The NGO Human Rights Watch (HRW), which specializes in monitoring the international humanitarian situation, has denounced on Sunday that the Egyptian authorities have arrested in recent days dozens of people who have called for demonstrations and restricted their right to protest in the days leading up to the COP27 climate summit in the tourist resort of Sharm el Sheikh.
There, authorities have ordered cameras to be placed in all cabs in the area for security agencies to monitor passengers and drivers, and implemented an «unduly complex» registration process designed, according to HRW, to limit public participation in the summit.
For HRW’s deputy director for the Middle East and North Africa, Adam Coogle, «it is clear that the Egyptian government» led by former military coup leader Abdelfatá al Sisi «has no intention of relaxing its abusive security measures or allowing freedom of expression or assembly».
Among the arrests, HRW highlights that of Indian climate change activist Ajit Rajagopal as he was about to undertake an eight-day march from Cairo to Sharm el-Sheikh. Rajagopal was released the following day after international criticism.
The governor of South Sinai province, Khaled Fouda, has warned that security forces will only allow rallies in designated area away from the summit. «No one who is not registered will be allowed in,» he told Sada al Balad television late last month.
Demonstrations must be held with 36 hours’ notice in the areas closest to the summit and with 48 hours’ notice elsewhere in the city, and only between 10 a.m. and 5 p.m.
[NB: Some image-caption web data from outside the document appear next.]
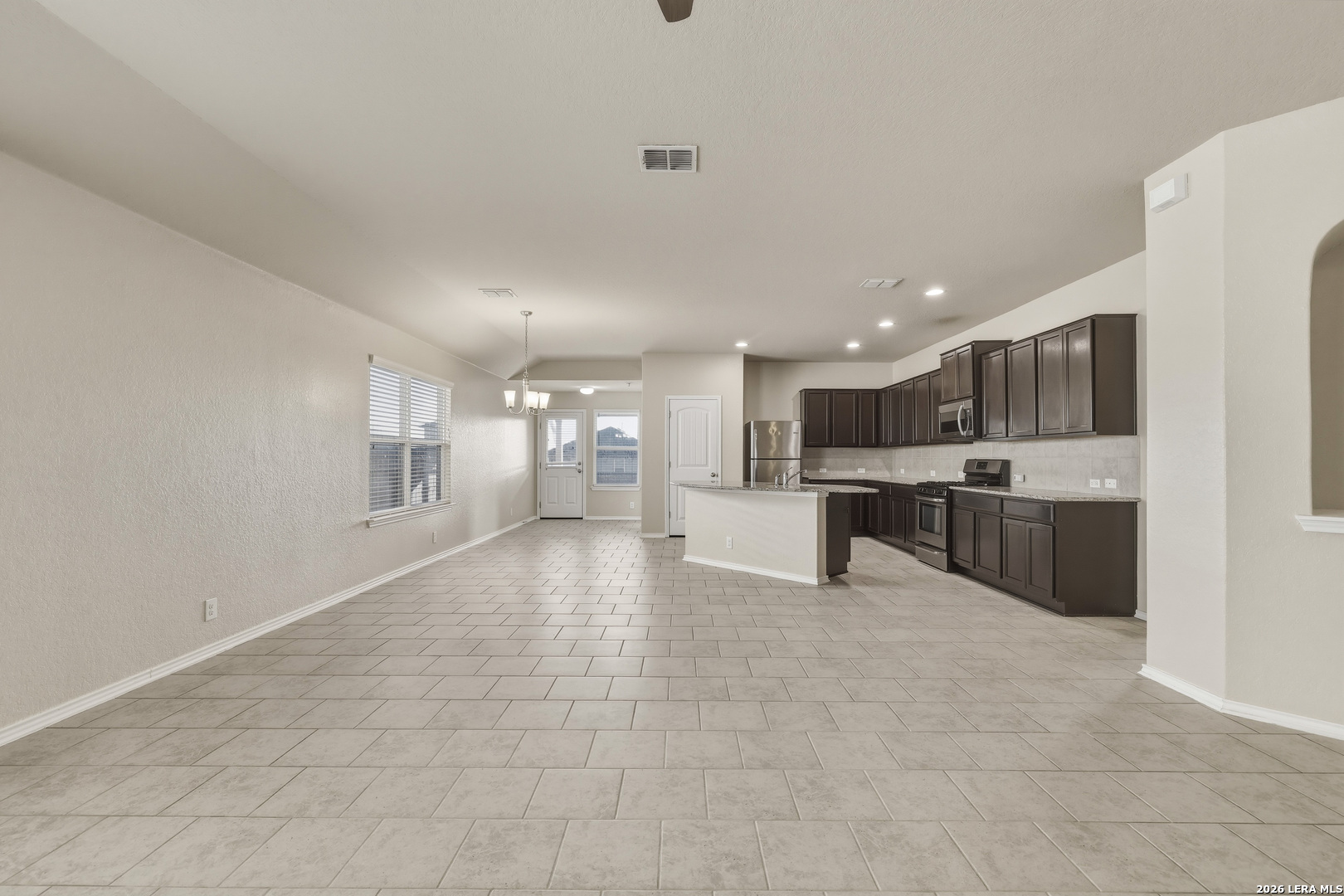 8810 Double Oak San Antonio TX 78254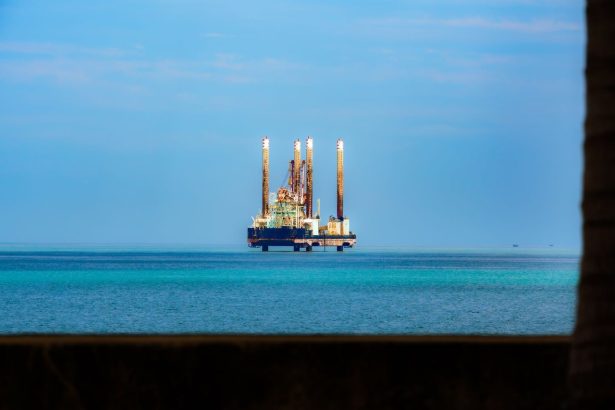 Plataforma de petróleo distante em alto-mar sob céu claro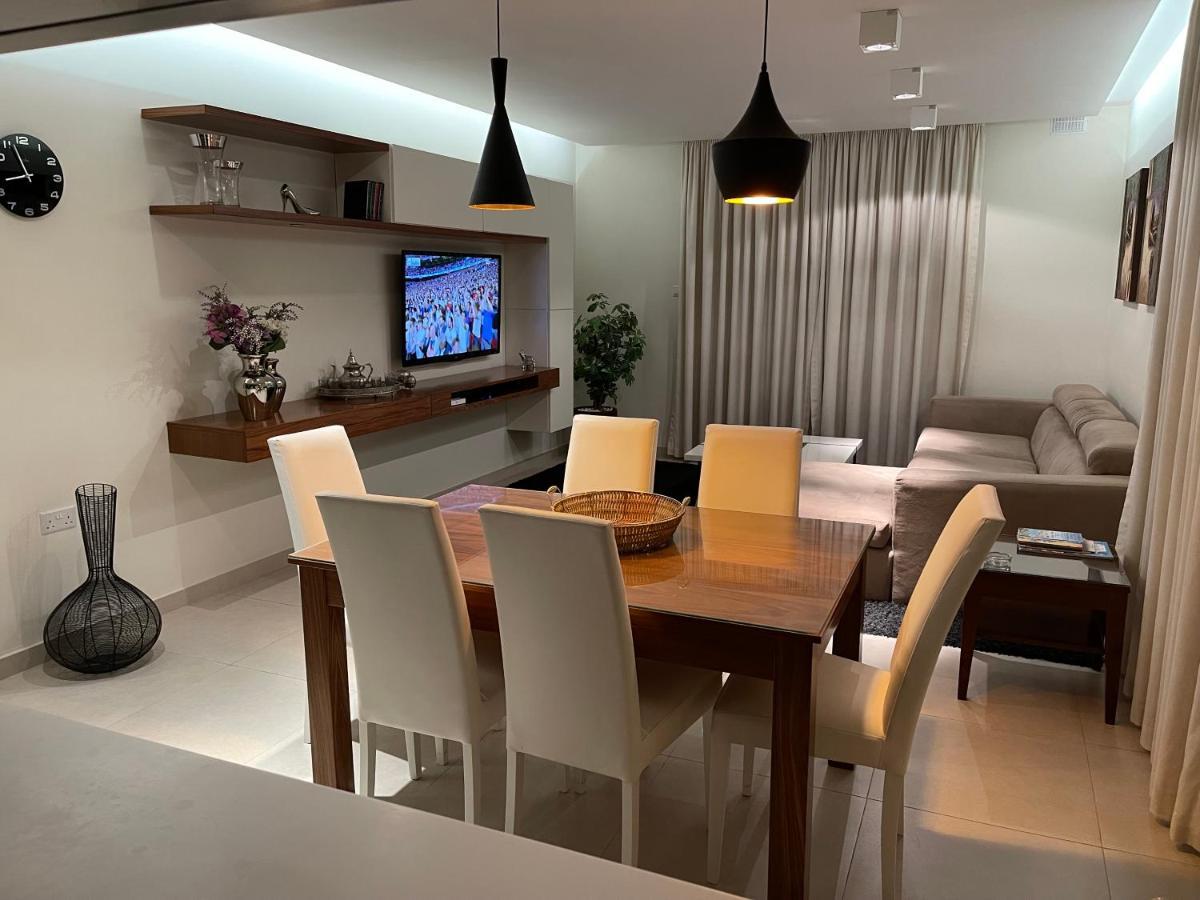 Deluxe Apartment With Pool In The Heart Of St Pauls Bay St. Paul's Bay Dış mekan fotoğraf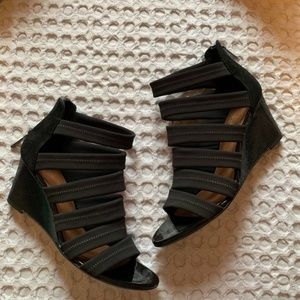 Donald J Pliner Crepe Elastic Suede Wedge Sandal 8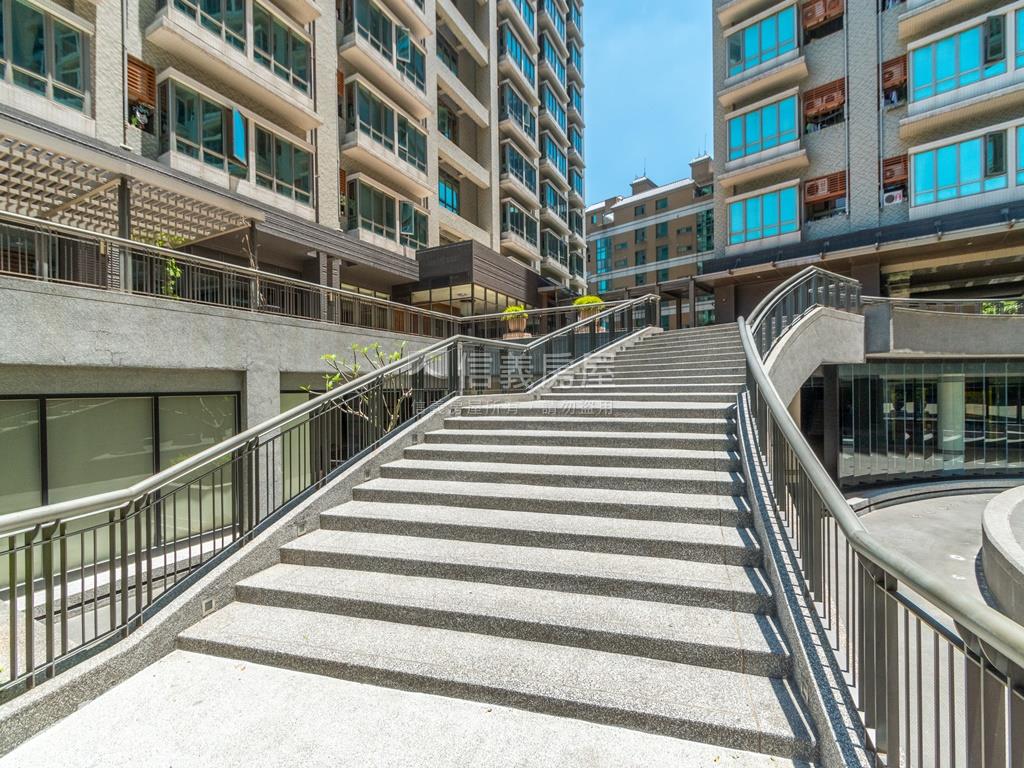 南加州Ｃ棟高樓邊間採光房屋室內格局與周邊環境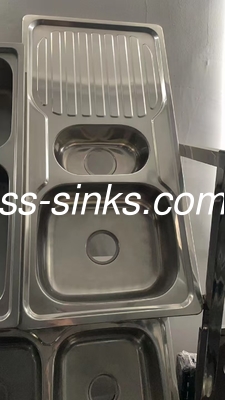 Lavabo da cucina commerciale con lavandino dimensioni personalizzate del lavandino Posizionamento del drenaggio posteriore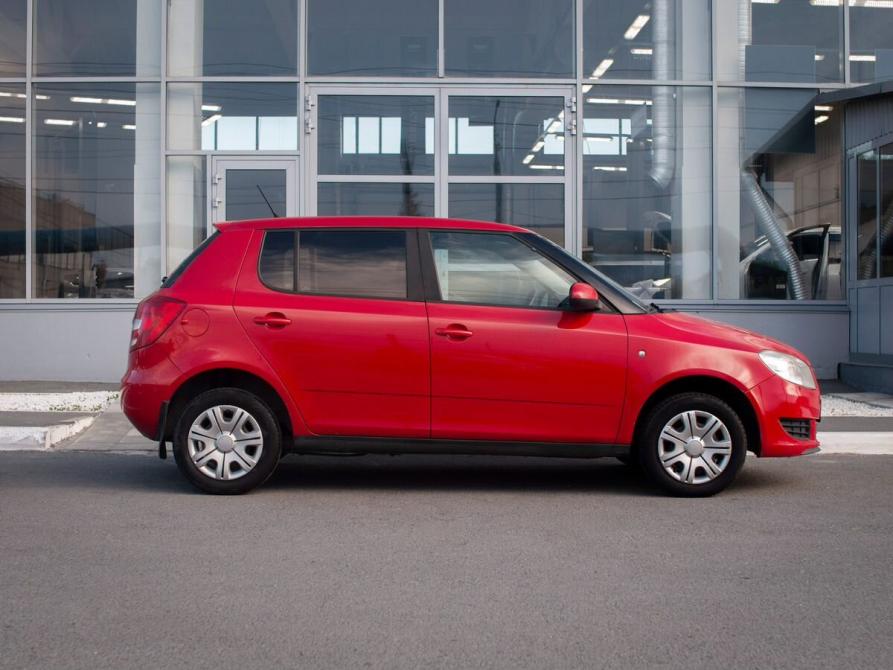 Skoda Fabia II Рестайлинг Курган  - изображение 8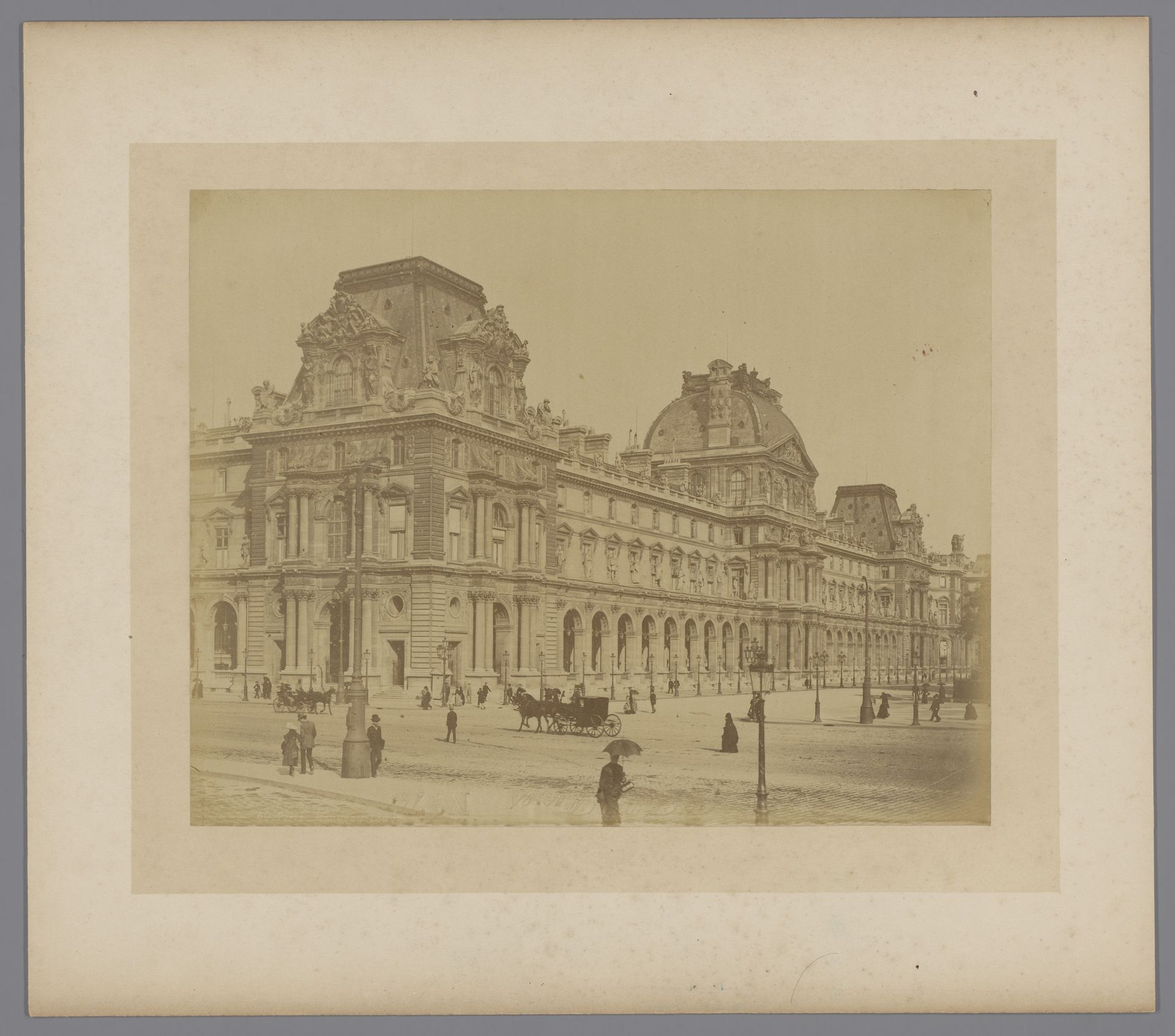 Nouveau Louvre, Parijs by J. (fotograaf) Kuhn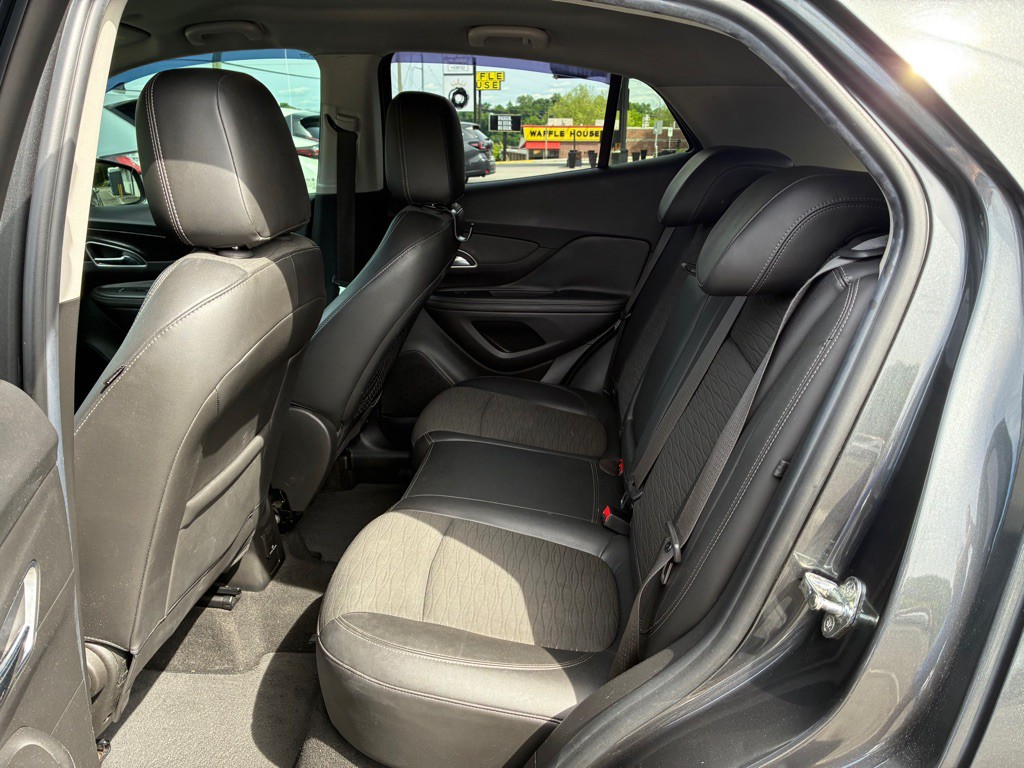 2016 Buick Enclave Image 8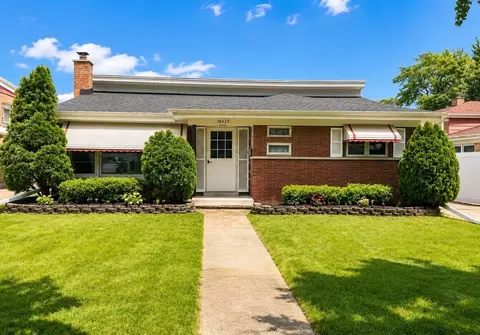10525 S Kildare Ave, Oak Lawn, IL 60453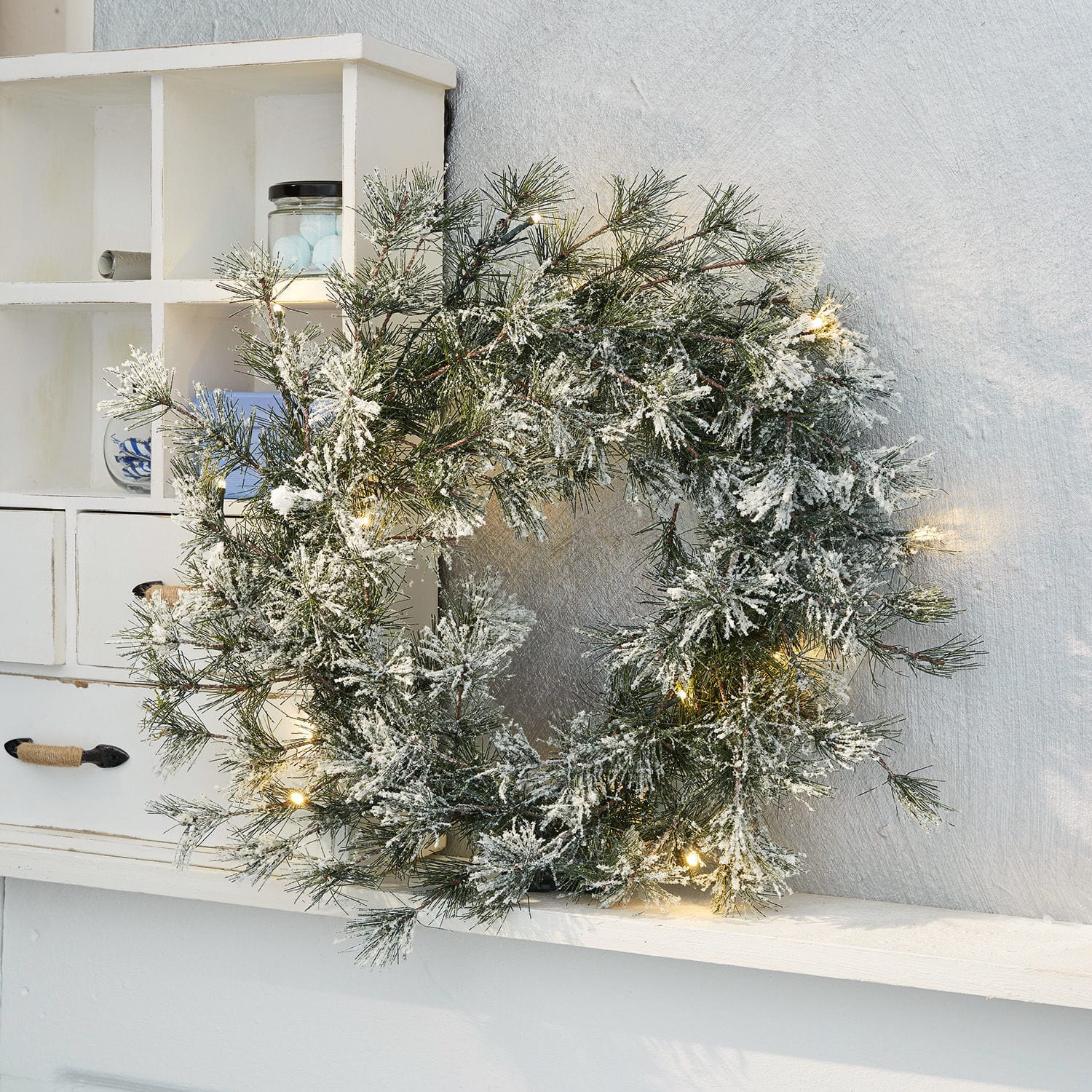 Couronne à LED Vire Couronne de Noël enneigée avec branches vertes et lumières LED chaudes pour décoration intérieure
Participants must be properly identified.
HRW also recalls that the Egyptian government requires all attendees to download an application that collects personal information and requires access to the camera, microphone and location service of the cell phone. «A lot of data,» the group notes, «that raises concerns about participants’ right to privacy.»
The NGO recalls that international law guarantees everyone the right to free, active and meaningful participation in public affairs at international, national, regional and local levels. The right to participation, it adds, is inextricably linked to other human rights such as the right to peaceful assembly and association and freedom of expression.
«Arresting Egyptians simply for calling for protests a few days before the COP is not only a violation of freedom of expression and assembly, it is also a direct message to COP participants to stay in line,» Coogle has reiterated.